Description of Activity
Read or tell the story, or invite a participant to read it aloud. Use these questions to engage a group conversation:
- Our congregation's families today face the same challenge that confronted the Con-Sociate Family: living in accordance with stated principles in a society of individuals. What can we learn from the Fruitlands experiment that will help us build stronger congregations, that will help us forge the bonds of community while respecting the unique contribution of each individual?
- Of her time in the Con-Sociate Family Louisa May Alcott wrote, "Transcendental wild oats were sown broadcast that year, and the fame thereof has not yet ceased in the land; for futile as this crop seemed to outsiders, it bore an invisible harvest, worth much to those who planted in earnest." Do you think Fruitlands was a success in providing a place where people could learn about living a principled life in community or was it ultimately a failure?

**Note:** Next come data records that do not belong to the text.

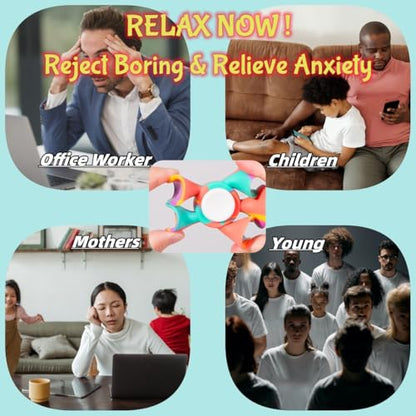 4 Pack Fidget Spinner with Suction Cup - Safe and Soft Sensory Anxiety Relief Toy for Adults and Kids 8-12 | Perfect Suction Dart Target Game, Classroom Focus Tool & Party Favors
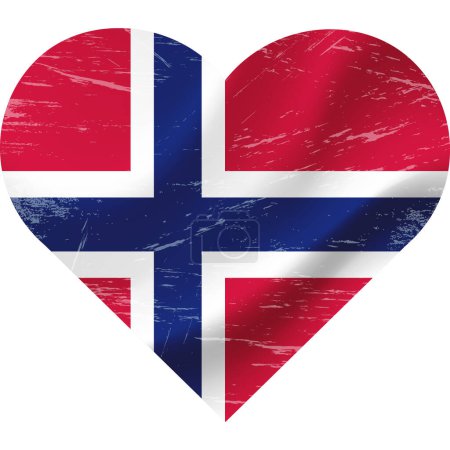 Téléchargez les illustrations : Drapeau Norvège en forme de coeur grunge vintage. Coeur drapeau de Norvège. drapeau vectoriel, symbole. - en licence libre de droit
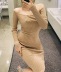 solid color two-wear long-sleeved twist-knot hollowed-out slim-fit knitted sheath dress NSZQW138951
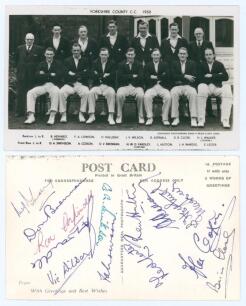 &lsquo;Yorkshire County C.C. 1950&rsquo;. Official mono real photograph postcard of the Yorkshire team seated and standing in rows wearing Yorkshire blazers. Printed title and players&rsquo; names to borders. Very nicely signed to the verso by all twelve featured players. 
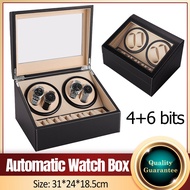 [SG spot goods] Automatic Watch Box Display Box 4+6 Automatic Rotation Leather Wood Watch Winder Collector Display Box Watch Case(Black)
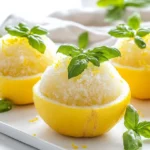 Basil Lemon Ice Served In Hollowed Lemon Halves, Garnished With Basil And Lemon Zest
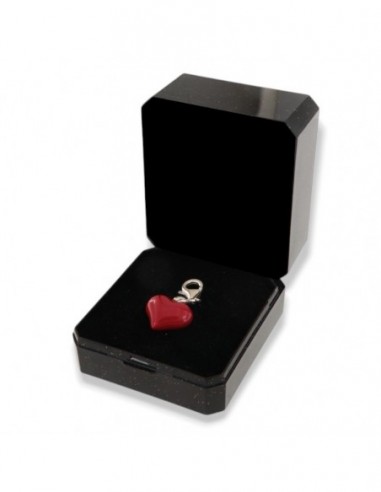 Ciondolo Argento Pendente Cuore Rosso Smaltato [2872dac4]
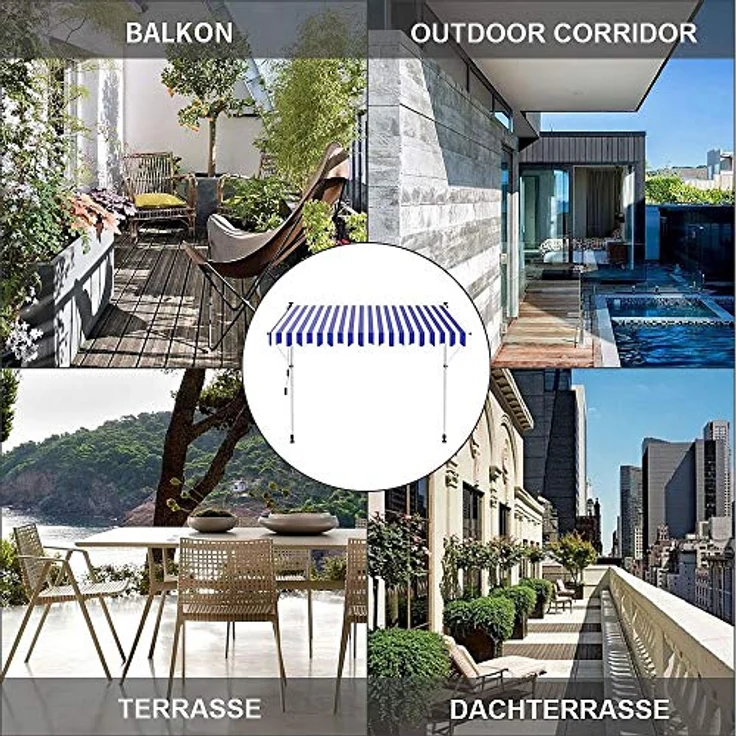 Klemmmarkise 300 cm Balkon Markise Sonnenschutz Terasse Fenstermarkise Creme – Bild 5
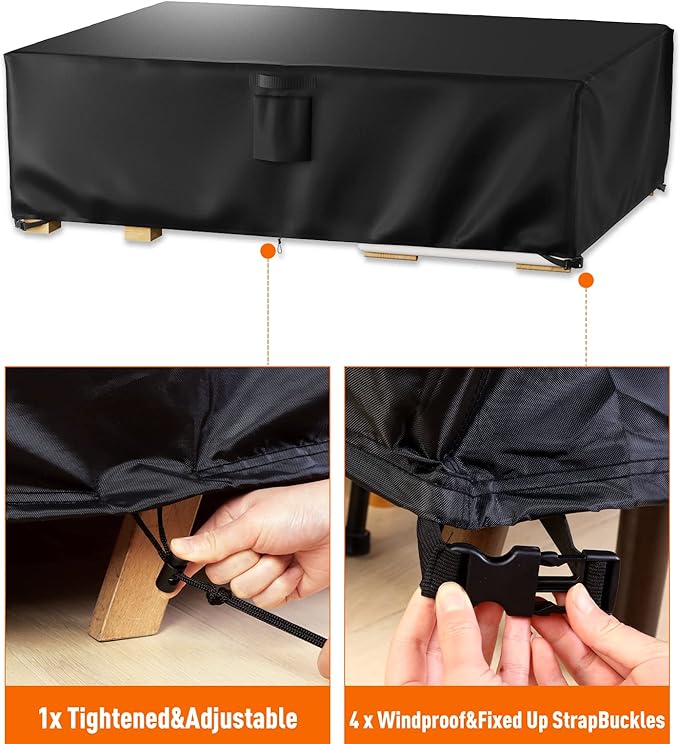 Patio Furniture Covers, Outdoor Furniture Cover Waterproof, General Purpose, Outside Table and Chair Covers, Heavy Duty 600D (138 Inch L x 85.8 Inch W x 31.9 Inch H)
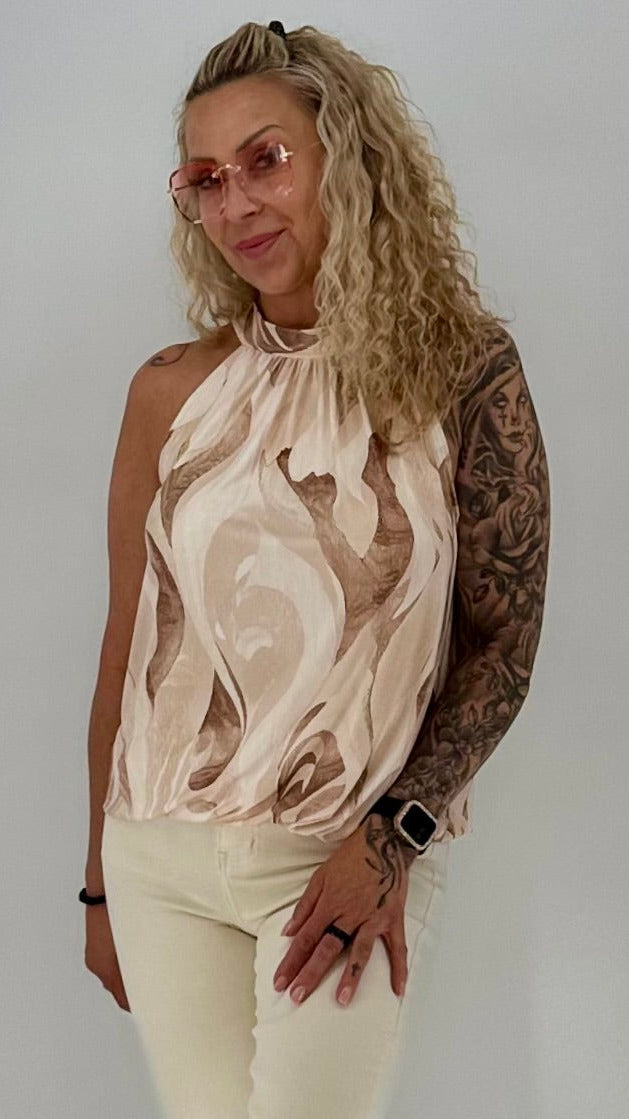 Neckholder-Top "Marmor Print"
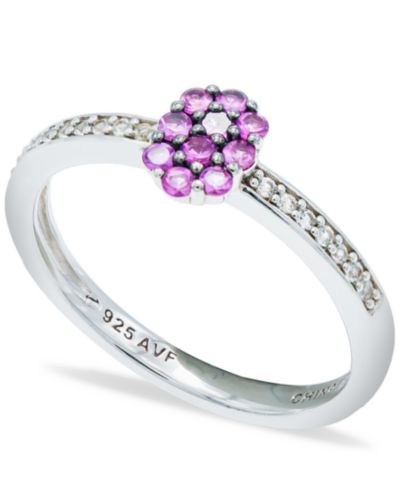 Pink Sapphire (1/3 ct. t.w.) Diamond (1/20 ct. t.w.) Stackable Ring  in Sterling Silver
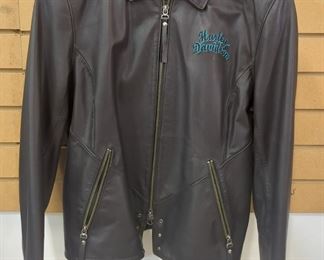 Harley Davidson Genuine Leather Jacket With Embroidered Logos, Size L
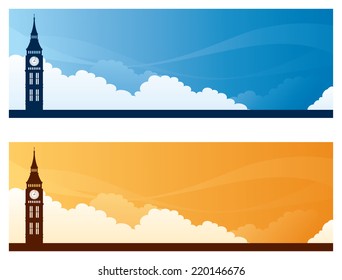 Big Ben day and sunset sky banners with copy space.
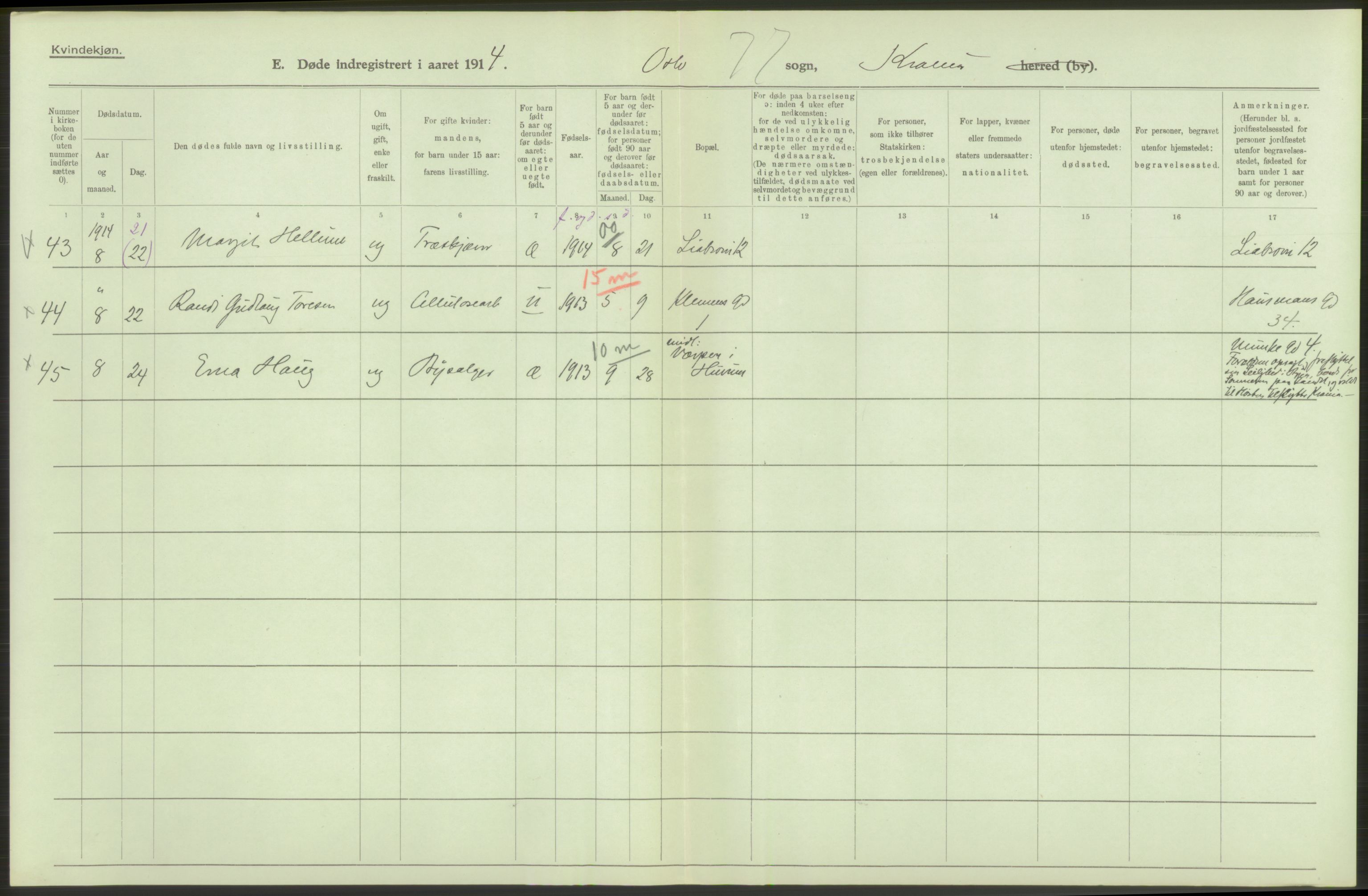 Statistisk sentralbyrå, Sosiodemografiske emner, Befolkning, AV/RA-S-2228/D/Df/Dfb/Dfbd/L0008: Kristiania: Døde, 1914, s. 152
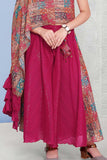 Rani Pink Elegance: Wide Leg Palazzo Pant Set with Vibrant Printed Top for girls. - Lagorii Kids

- In our congregations we do not face the kinds of hardship for survival that the residents of Fruitlands faces. We do not depend on each other for food and shelter, but we do depend on each other to do the work of the community. What might Fruitlands tell us about putting community over self or ideal over desire?
- At Fruitlands the behavior of each person was dictated in the matter of dress, study, work, diet, and even bathing habits. As covenantal congregations we, too, live according to a code of communal behavior rather than one of proper belief. What is the difference between a requirement of compliance and a covenant? Given that those who chose to live at Fruitlands did so voluntarily and in agreement with its aims, was it reasonable to expect them to comply with these dictates? What experience do you have with being part of a group with restrictions on dress or behavior? Do you view compliance with those restrictions as necessary if you wanted to be part of the group?
- Louisa May Alcott wrote of her father, "He has seen several of his ideals become facts and that is more than most of us ever do... " Is seeing the reality of an ideal worth the risk of failure? What risks does your congregation take based on living according to its principles?